# What the task asks
The entries are to be reproduced word for word, with all images left out.
━━━━━━━━━━━━━━━━━━━━━━━━━━━━━━
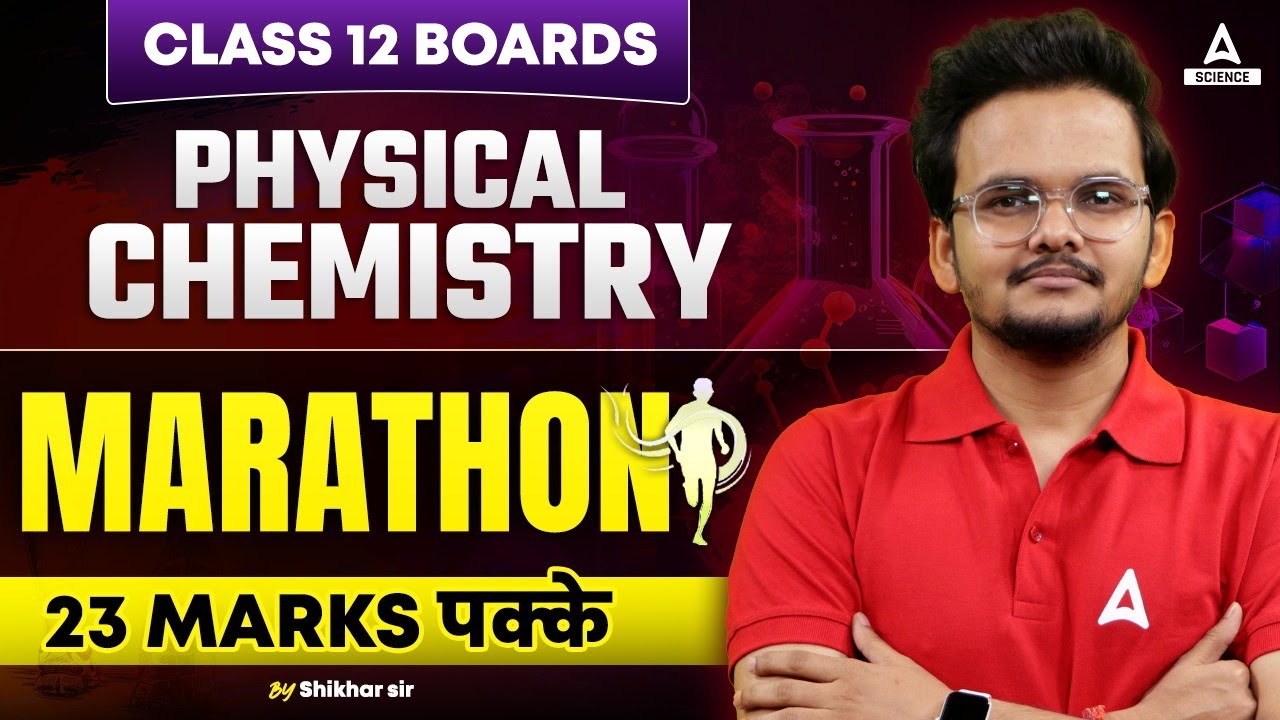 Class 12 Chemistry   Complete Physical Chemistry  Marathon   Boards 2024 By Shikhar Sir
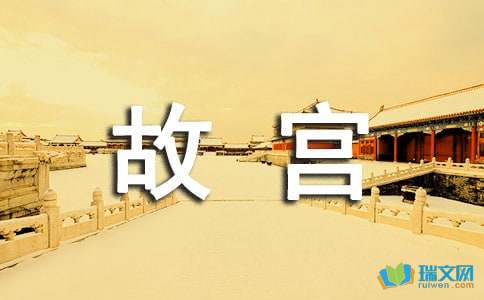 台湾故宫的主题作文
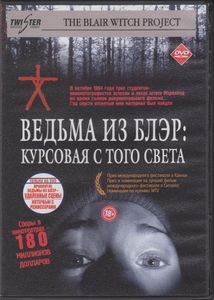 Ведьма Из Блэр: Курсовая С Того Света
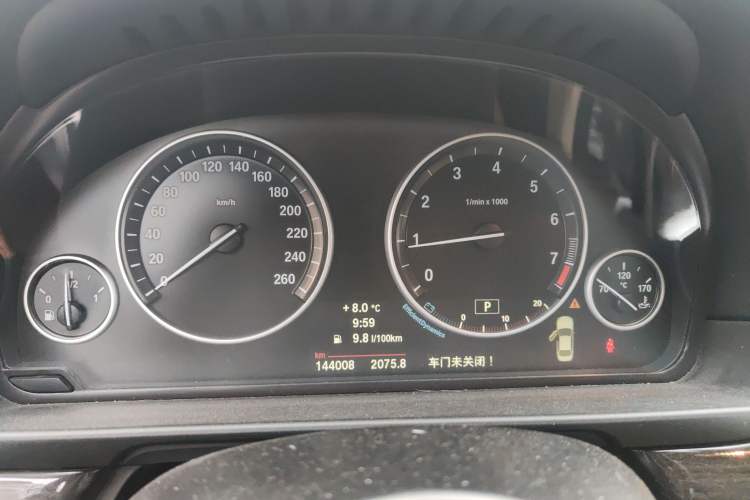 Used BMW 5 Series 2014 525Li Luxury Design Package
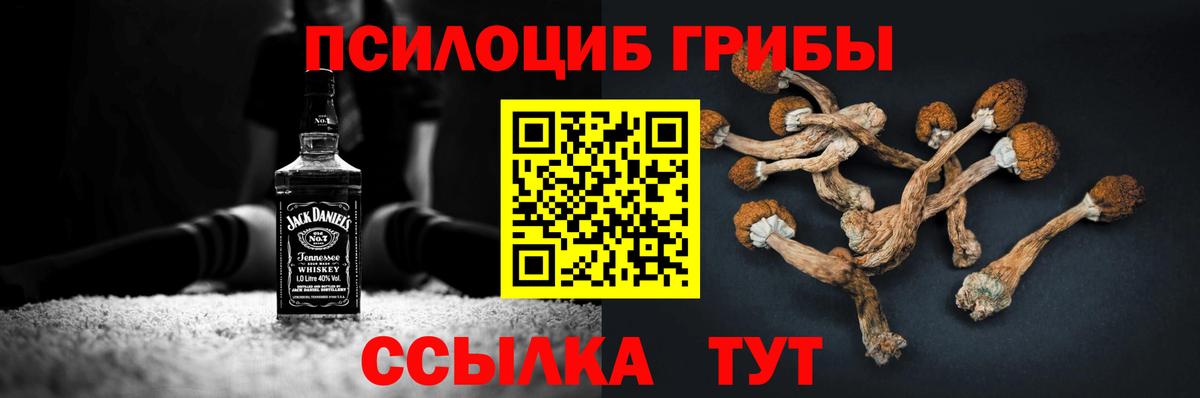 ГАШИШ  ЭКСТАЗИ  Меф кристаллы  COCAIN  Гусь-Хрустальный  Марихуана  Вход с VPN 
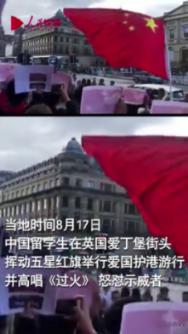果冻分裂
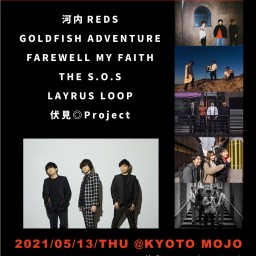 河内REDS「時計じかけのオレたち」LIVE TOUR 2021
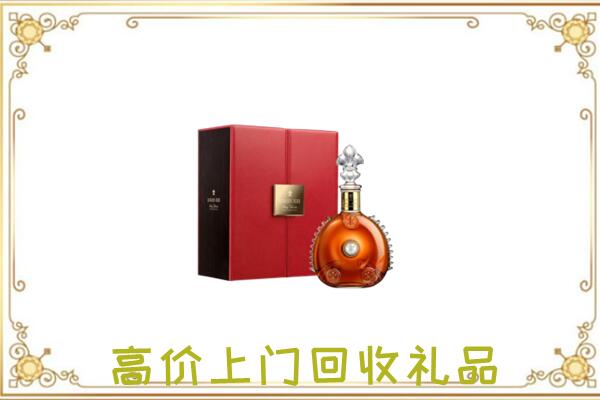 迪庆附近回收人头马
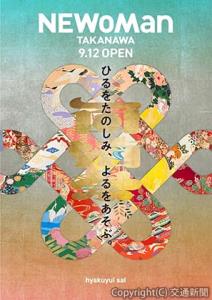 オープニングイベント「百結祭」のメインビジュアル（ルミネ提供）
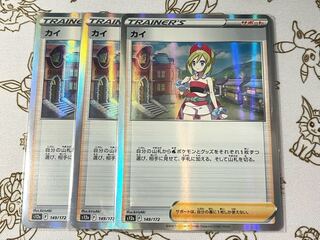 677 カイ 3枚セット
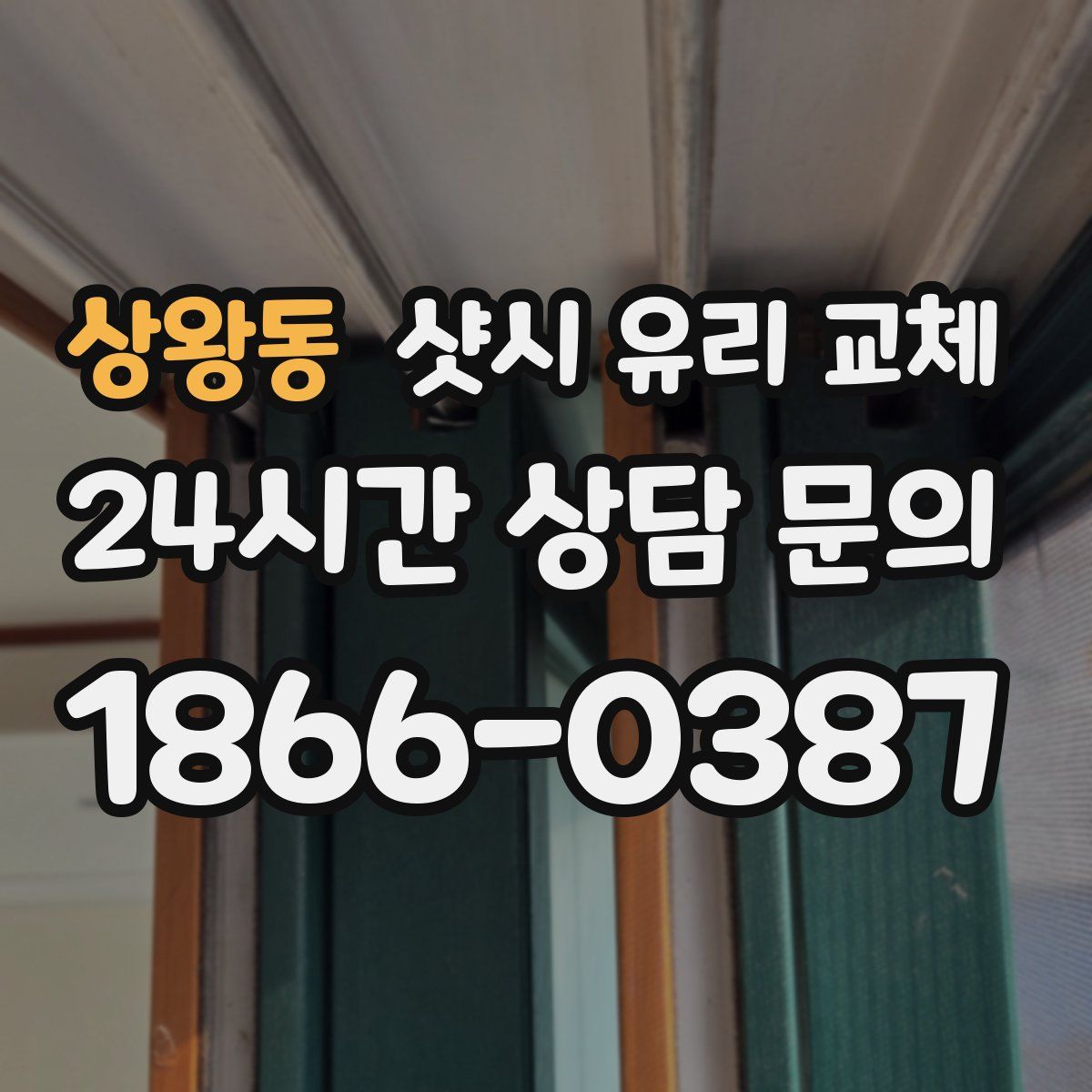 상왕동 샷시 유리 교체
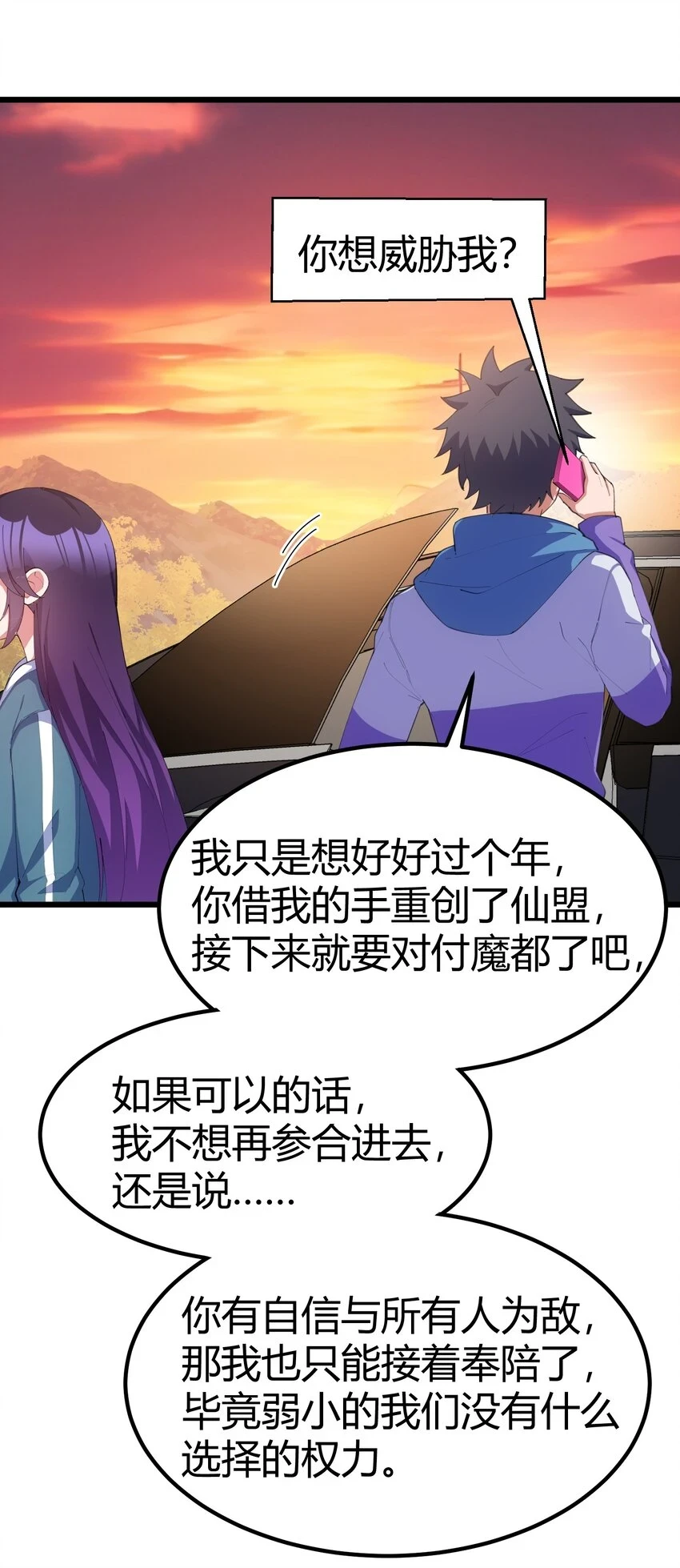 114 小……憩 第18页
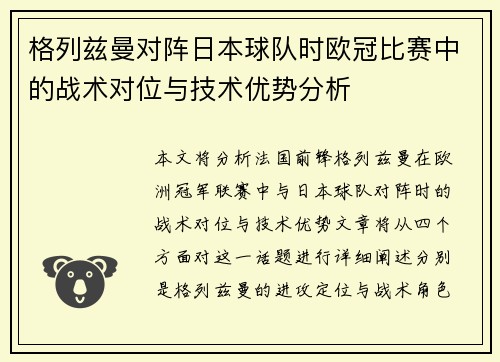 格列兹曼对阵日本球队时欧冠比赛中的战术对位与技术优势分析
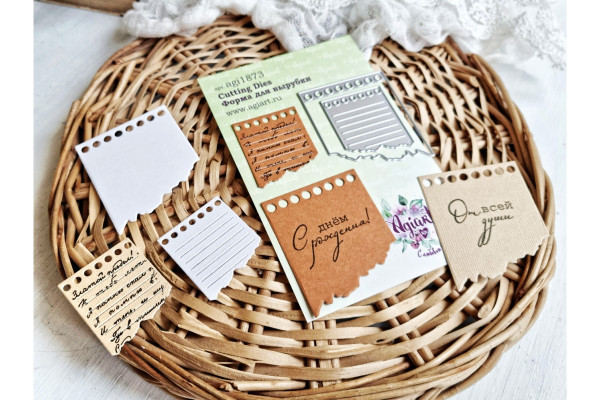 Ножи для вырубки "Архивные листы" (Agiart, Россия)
━━━━━━━━━━━━━━━━━━━━━━━━━━━━━━
# Exercise solution
 Class 12 Chemistry   Complete Physical Chemistry  Marathon   Boards 2024 By Shikhar Sir
 台湾故宫的主题作文
 Ведьма Из Блэр: Курсовая С Того Света
 Used BMW 5 Series 2014 525Li Luxury Design Package
 ГАШИШ  ЭКСТАЗИ  Меф кристаллы  COCAIN  Гусь-Хрустальный  Марихуана  Вход с VPN 
果冻分裂
 河内REDS「時計じかけのオレたち」LIVE TOUR 2021
 迪庆附近回收人头马
 オープニングイベント「百結祭」のメインビジュアル（ルミネ提供）
 677 カイ 3枚セット
 상왕동 샷시 유리 교체
 114 小……憩 第18页
 格列兹曼对阵日本球队时欧冠比赛中的战术对位与技术优势分析
 Ножи для вырубки "Архивные листы" (Agiart, Россия)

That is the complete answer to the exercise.